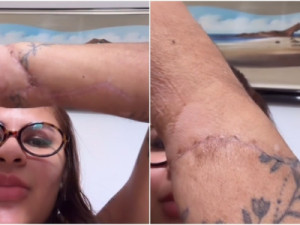 Mulher que teve mãos amputadas pelo ex mostra cicatrizes pela 1ª vez após reimplante: 'marcas do meu milagre'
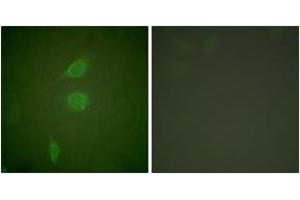 Immunofluorescence analysis of NIH-3T3 cells, using HDAC5 Antibody.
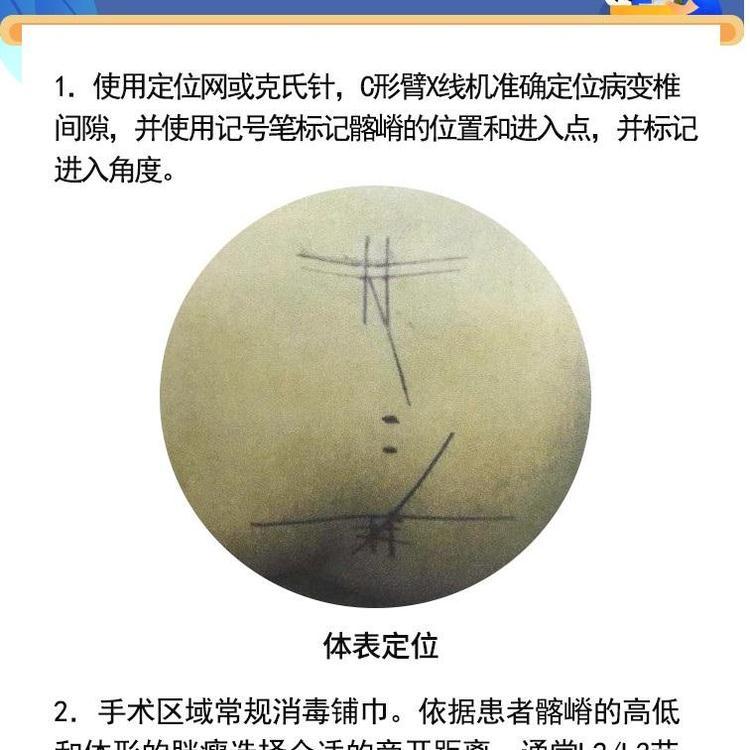 德國費格椎間孔內(nèi)窺鏡ZKJ-1型進口脊柱單入路可視微創(chuàng)主鏡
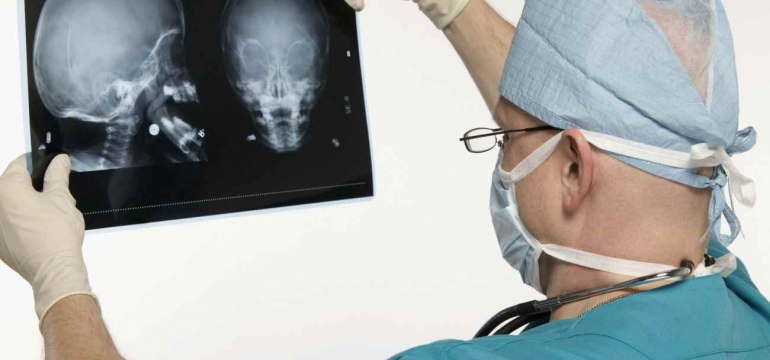 Противопоказания к проведению рентгена черепа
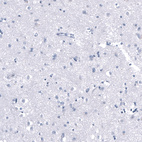 Immunohistochemical staining of human Cerebral cortex shows very weak cytoplasmic positivity in neuronal cells.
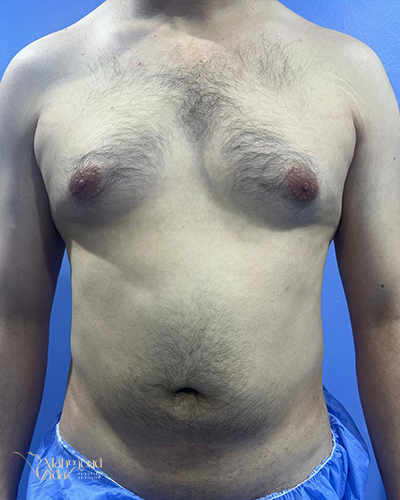 قبل العملية 1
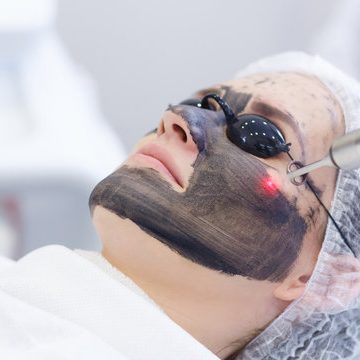 face rejuvination Carbon laser peel (Hollywood facial) procedure brightening skin Art Laser Clinic Milton Keynes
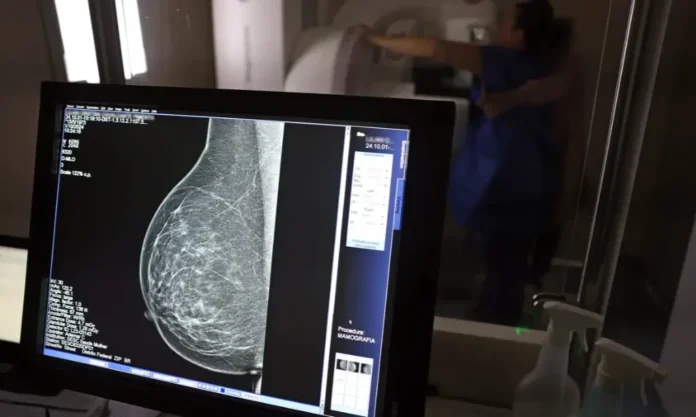 Outubro Rosa Pacientes com câncer de mama têm benefícios Tela de monitor exibindo o resultado de uma mamografia, com o equipamento e a paciente ao fundo, ilustrando o diagnóstico e os benefícios para pacientes com câncer de mama no Outubro Rosa.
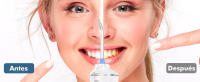 Irrigador Dental portátil Profesional, 350ML, Bucal Inalámbrico, 6 Boquillas, 5 Modos, Para Limpieza de Dientes - details 3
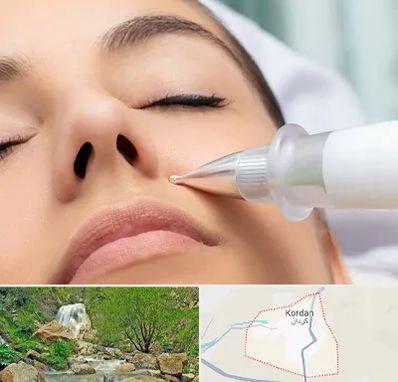 پلاسما جت بینی در کردان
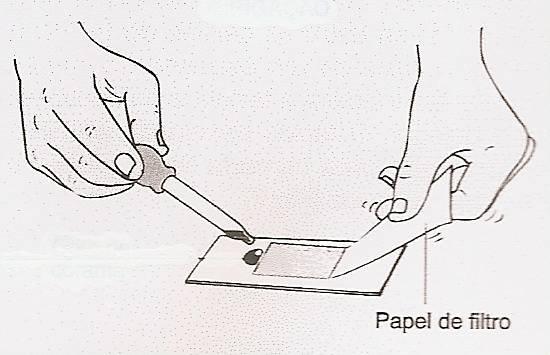 7. 4- Discussão 4.1 Interpreta as diferenças entre as preparações A e B, sabendo que a cor das pétalas é devida à presença de determinados pigmentos nos vacúolos.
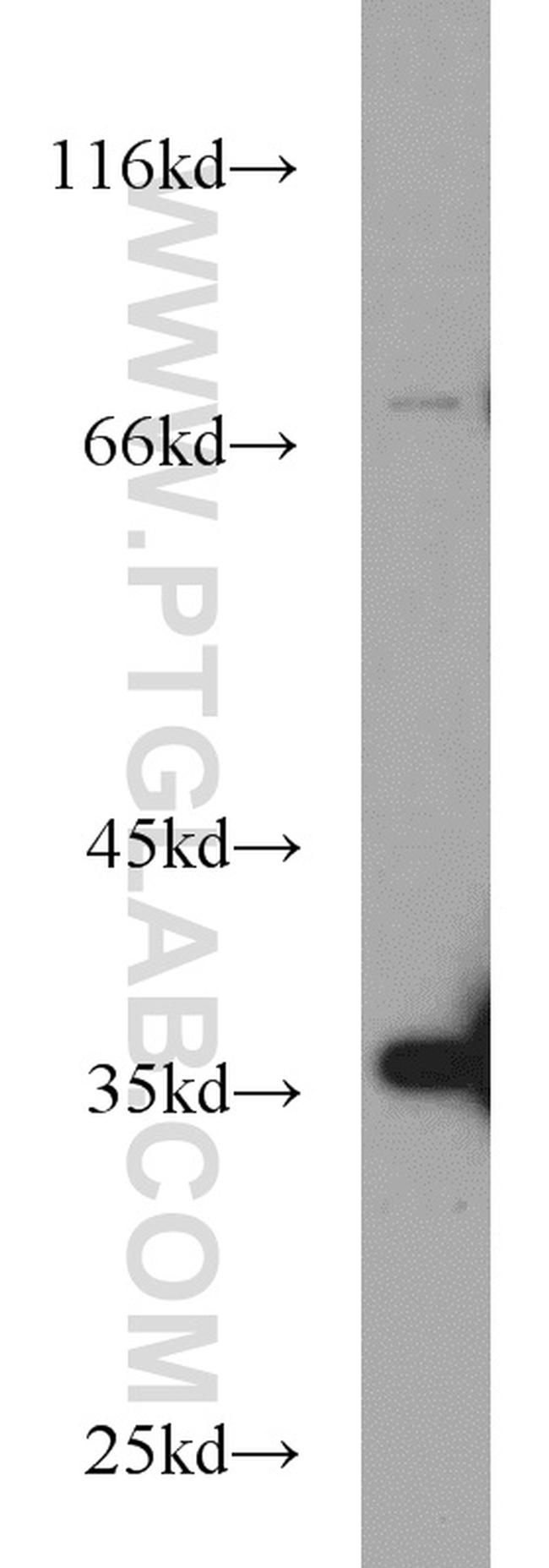 SIRT2 Antibody in Western Blot (WB)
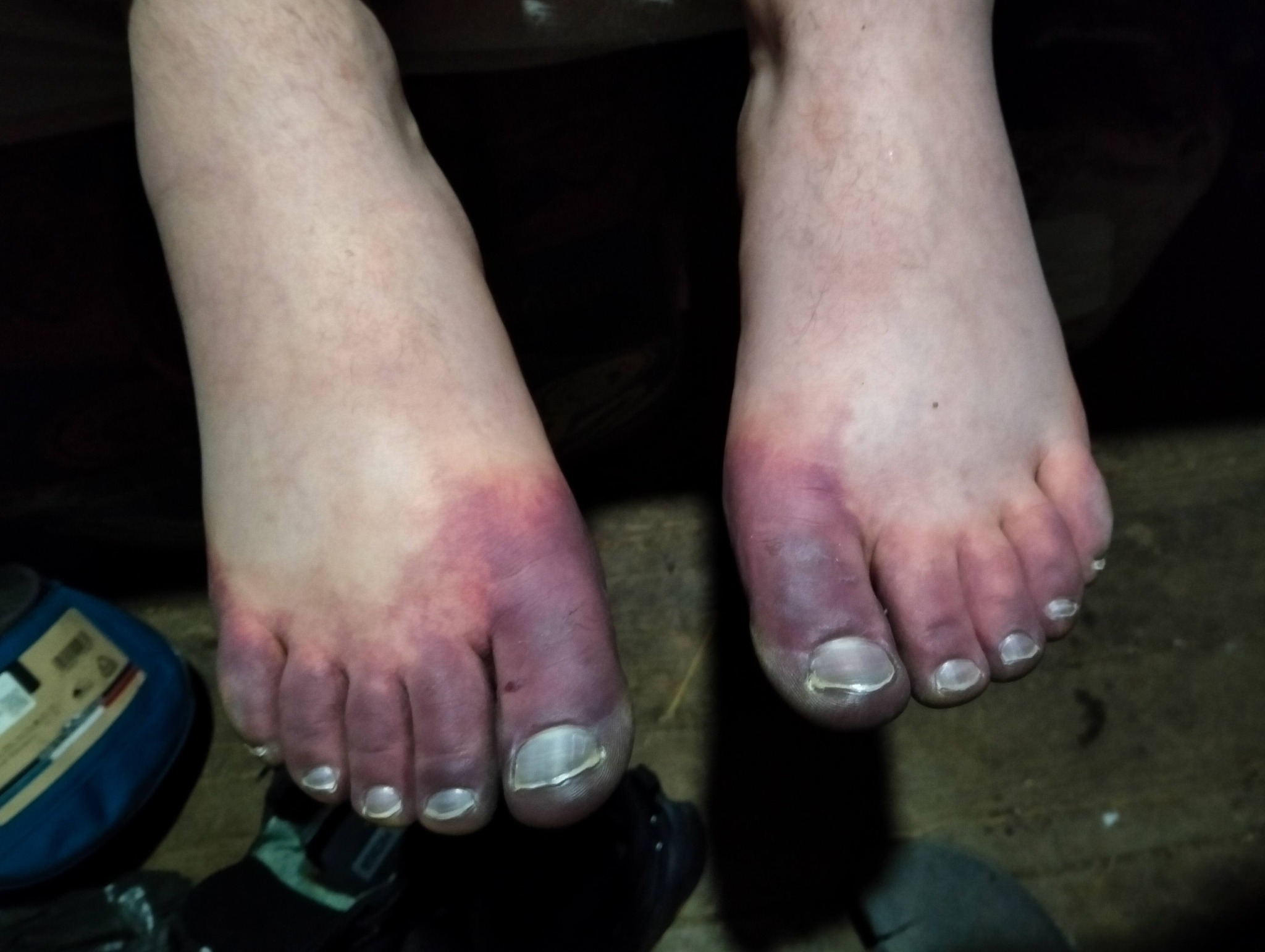 фото: обмороження ніг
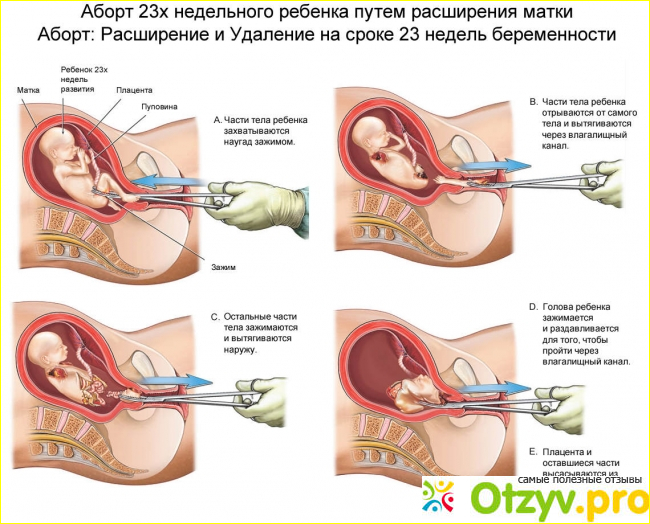 Хирургический аборт отзывы фото2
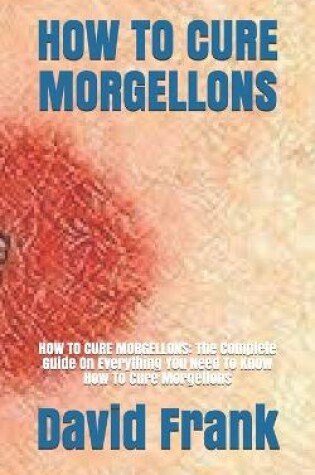 Cover of How to Cure Morgellons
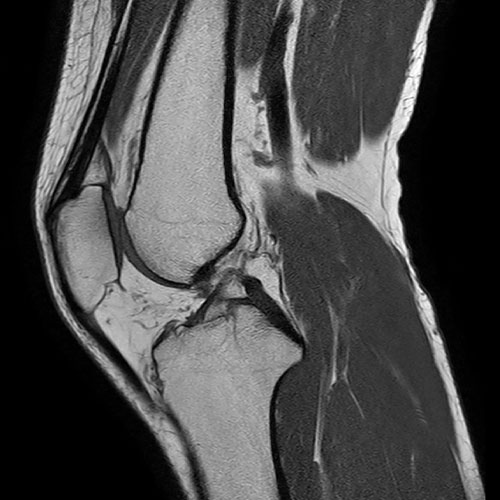 MRI-Musculoskeleton-system (1)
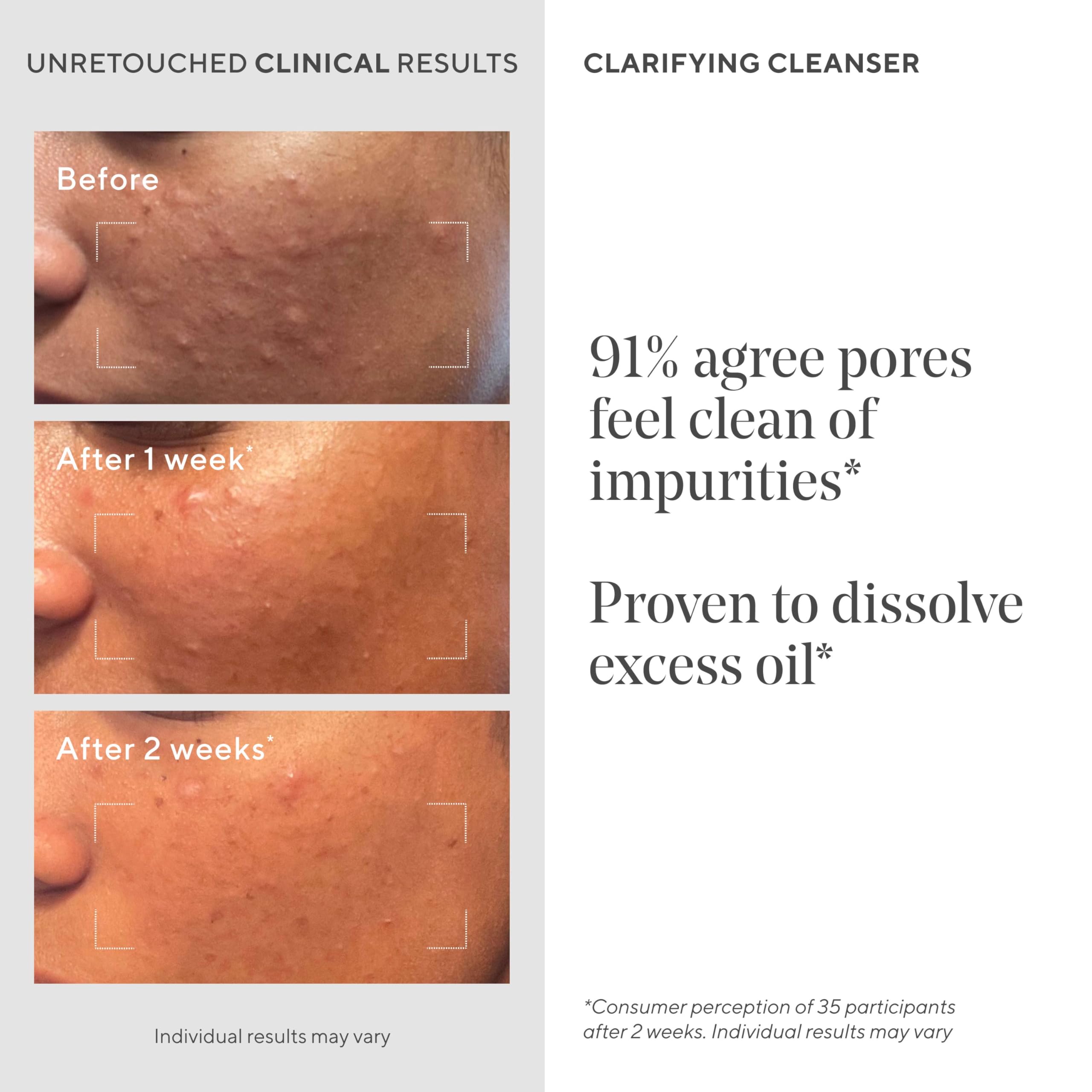 Murad salicylic acid ingredient visual highlighting pore-exfoliating benefit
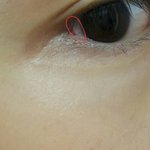 얘들아 나 눈 왜이래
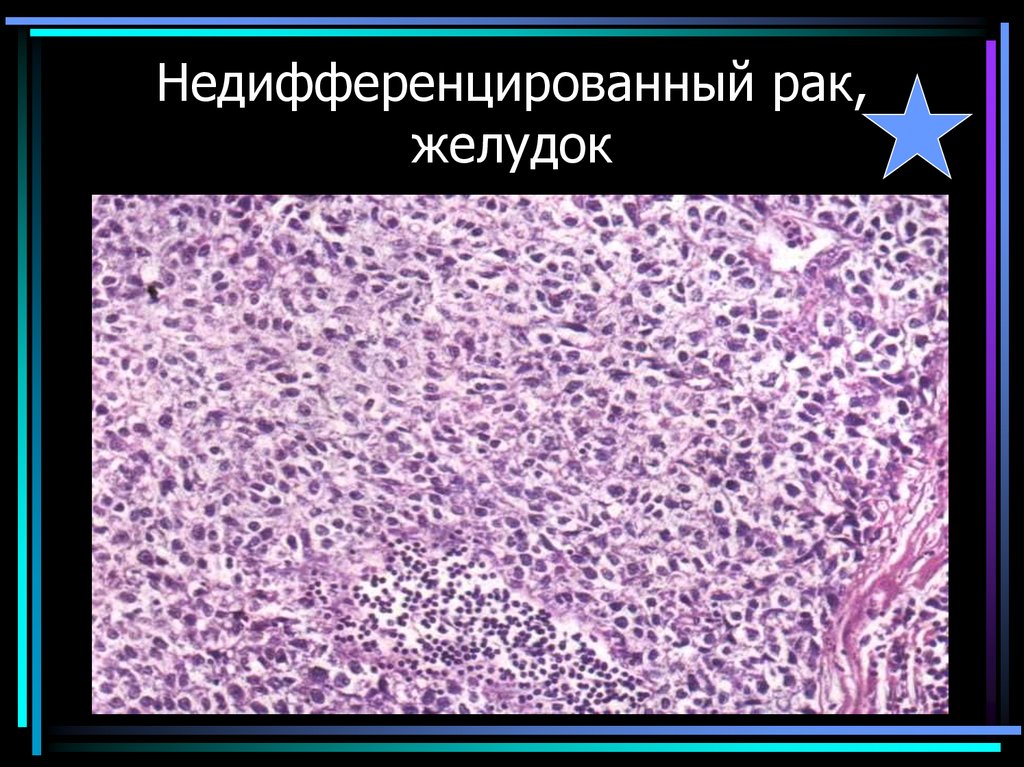 Недифференцированный рак, желудок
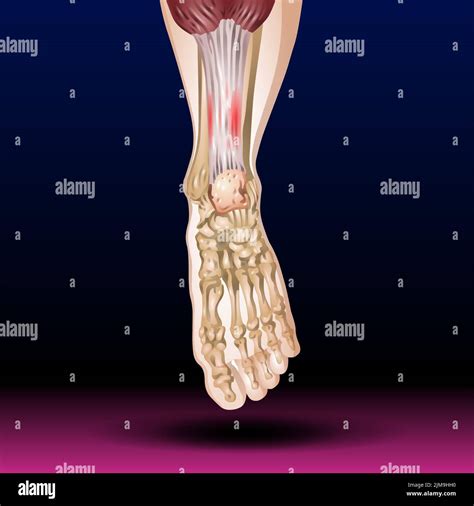 Muscle Diagram Leg Hi Res Stock Photography And Images Alamy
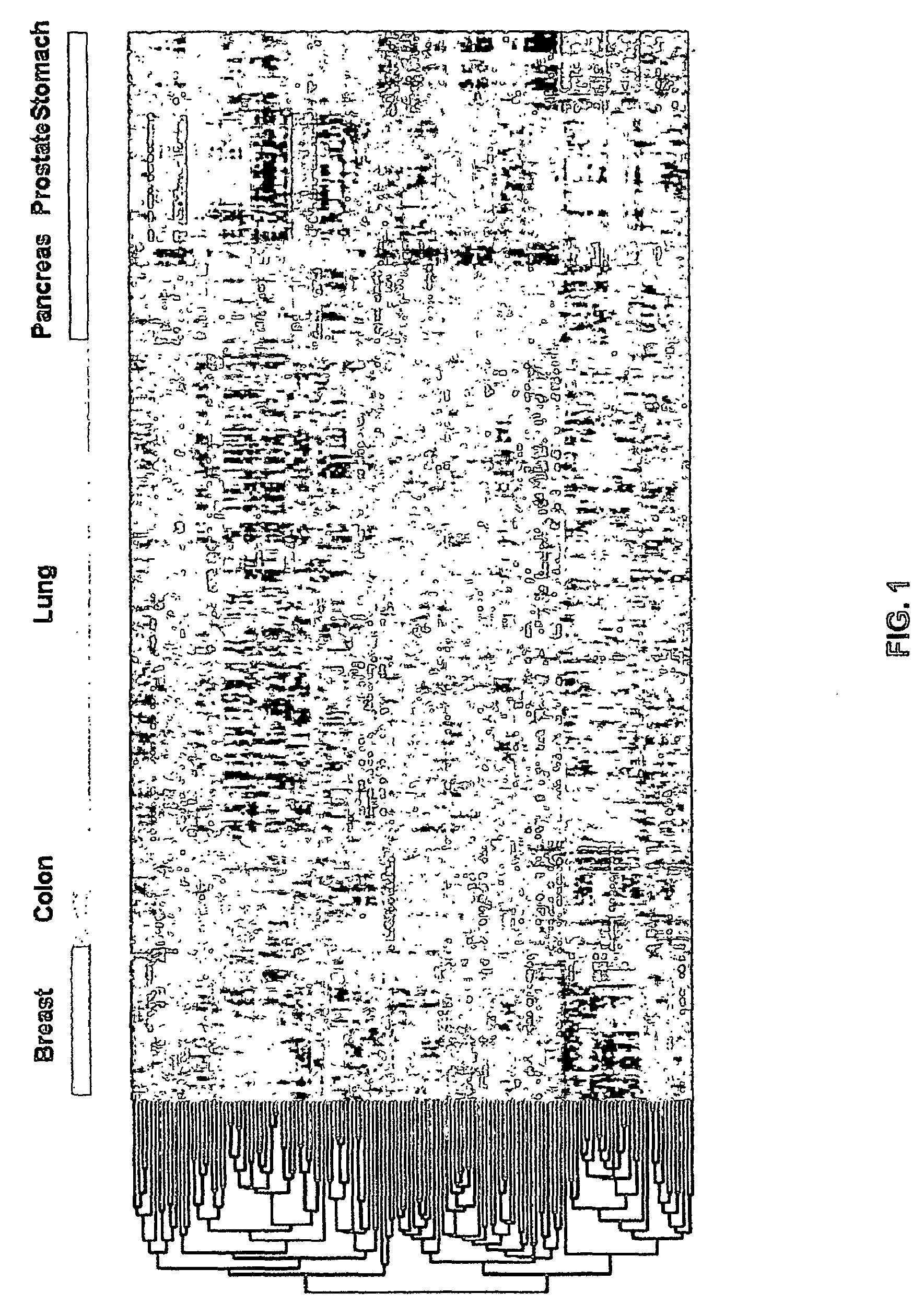 MicroRna-Based Methods and Compositions for the Diagnosis, Prognosis and Treatment of Solid Cancers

AIM OF THE TASK
Everything from the opening line of the data through the line with "Противопоказания к проведению" should be repeated exactly; leave the pictures out.

PROBLEM SOLUTION
 Mulher que teve mãos amputadas pelo ex mostra cicatrizes pela 1ª vez após reimplante: 'marcas do meu milagre'
 Immunofluorescence analysis of NIH-3T3 cells, using HDAC5 Antibody.
 德國費格椎間孔內(nèi)窺鏡ZKJ-1型進口脊柱單入路可視微創(chuàng)主鏡
 Противопоказания к проведению рентгена черепа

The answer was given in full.